Exercise aim: Where the line containing "Paul Grinvalds, of" appears, begin retyping; continue exactly through the final line of the data. Omit every picture.

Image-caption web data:
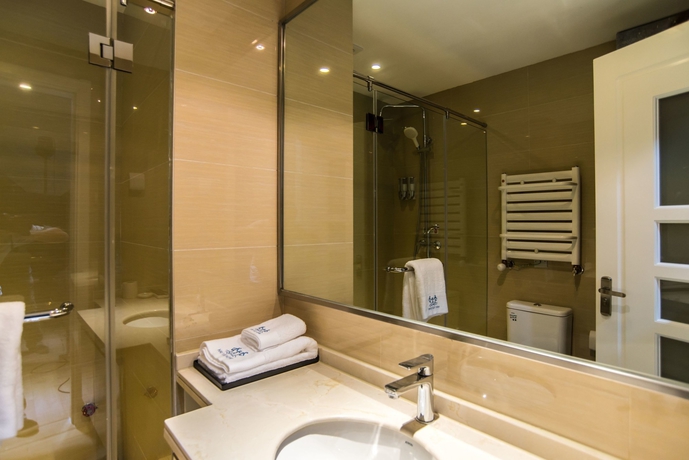 Imagen de la habitación del Hotel Qingdao Haiyue Home Resort. Foto 4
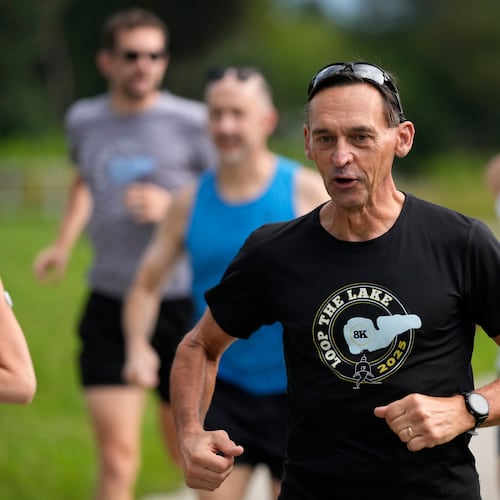 Paul Grinvalds, of West Des Moines, Iowa, runs with the Raccoon River Running Club, Sunday, Aug. 9, 2026, in West Des Moines, Iowa. (AP Photo/Charlie Neibergall)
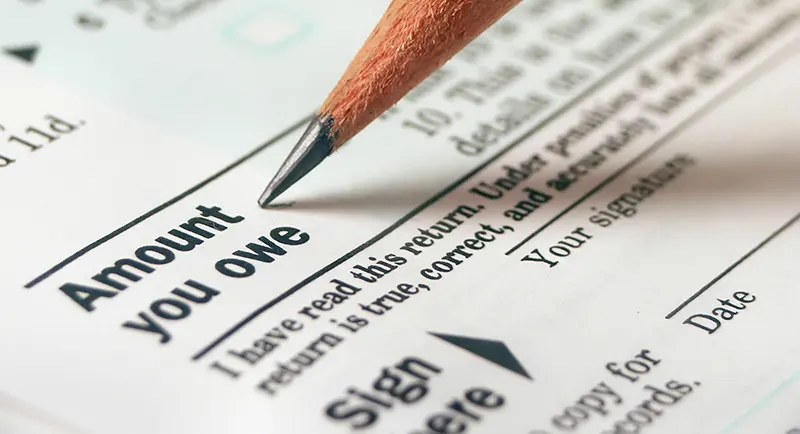 Pencil Pointing to "Amount you owe" wording on a tax return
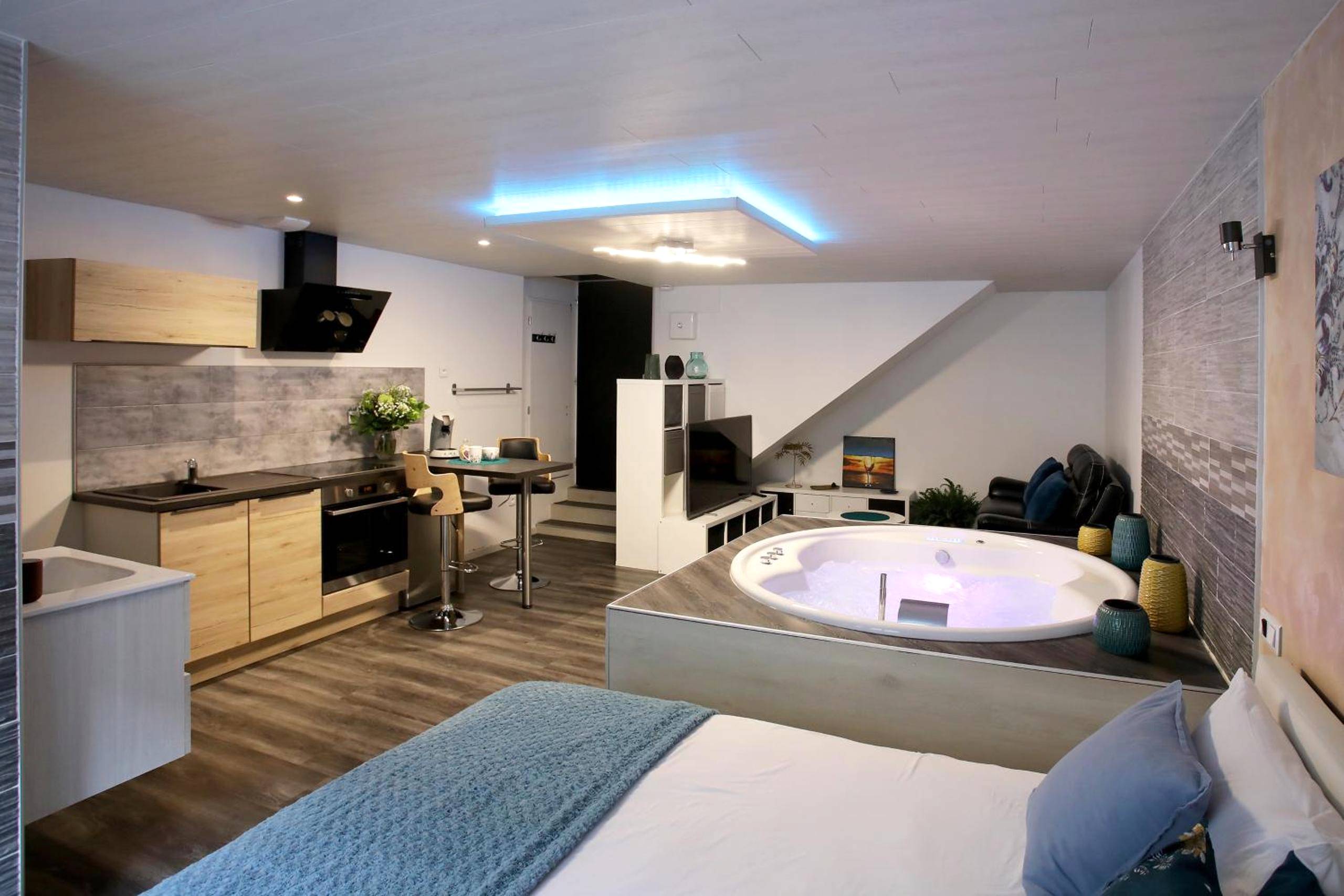 Espace de vie avec jacuzzi, cuisine et lit - Bulles Emotions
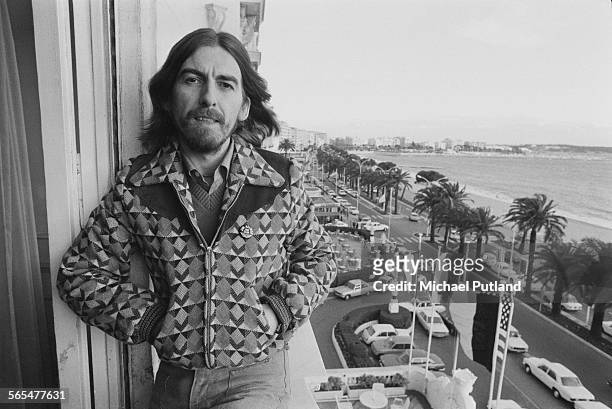 English singer-songwriter, guitarist and former Beatle, George Harrison on a hotel balcony in Cannes, France, 30th January 1976. Harrison is in...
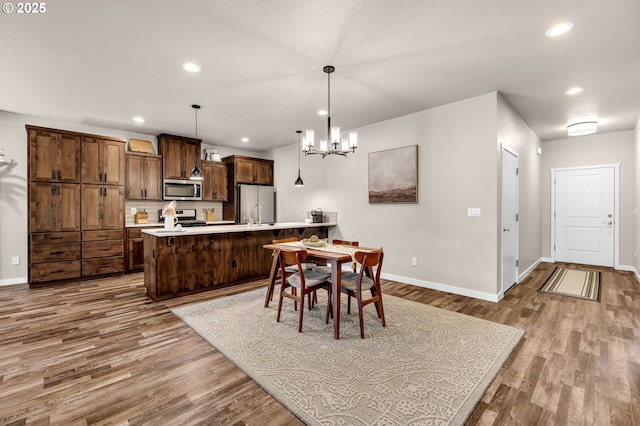 13009 NE 106th Cir, Vancouver, WA 98682 - dining area featuring wood finished floors, baseboards, a chandelier, and recessed lighting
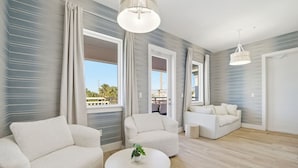 Un salon moderne avec deux canapés blancs, une table basse ronde et une vue sur l’extérieur grâce à de grandes fenêtres.
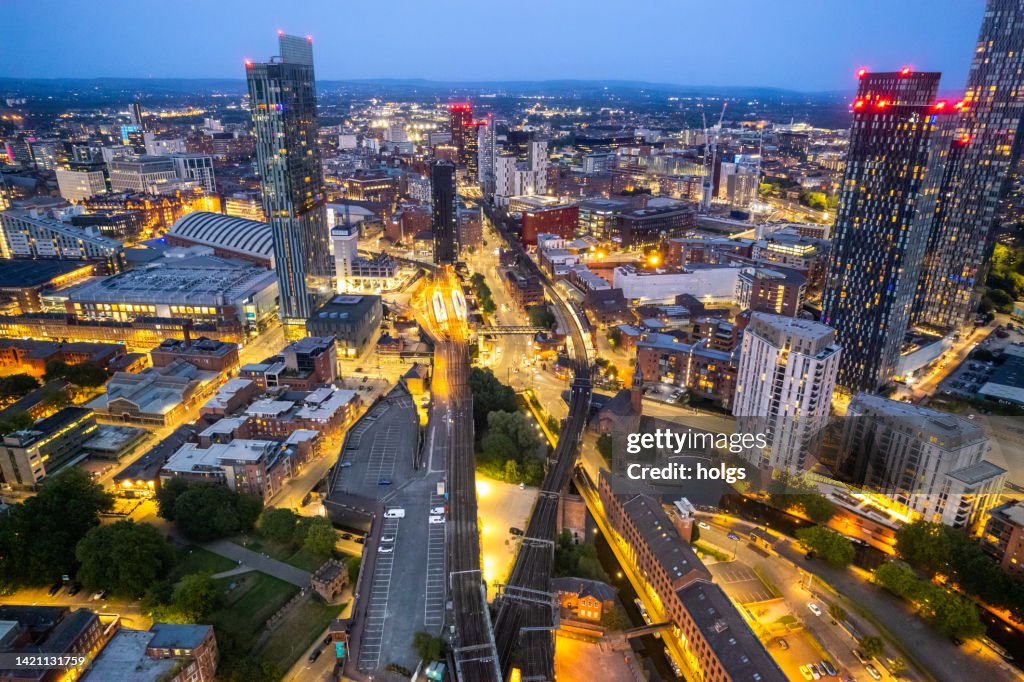 Manchester United Kingdom Luftaufnahme moderner Gebäude mit viel Counstruction im zentralen Bereich der Stadt mit historischen Kanälen und Eisenbahnen im Vordergrund bei Nacht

Written solution:
 Paul Grinvalds, of West Des Moines, Iowa, runs with the Raccoon River Running Club, Sunday, Aug. 9, 2026, in West Des Moines, Iowa. (AP Photo/Charlie Neibergall)
 Pencil Pointing to "Amount you owe" wording on a tax return
 Espace de vie avec jacuzzi, cuisine et lit - Bulles Emotions
 English singer-songwriter, guitarist and former Beatle, George Harrison on a hotel balcony in Cannes, France, 30th January 1976. Harrison is in...
 13009 NE 106th Cir, Vancouver, WA 98682 - dining area featuring wood finished floors, baseboards, a chandelier, and recessed lighting
 Un salon moderne avec deux canapés blancs, une table basse ronde et une vue sur l’extérieur grâce à de grandes fenêtres.
 Manchester United Kingdom Luftaufnahme moderner Gebäude mit viel Counstruction im zentralen Bereich der Stadt mit historischen Kanälen und Eisenbahnen im Vordergrund bei Nacht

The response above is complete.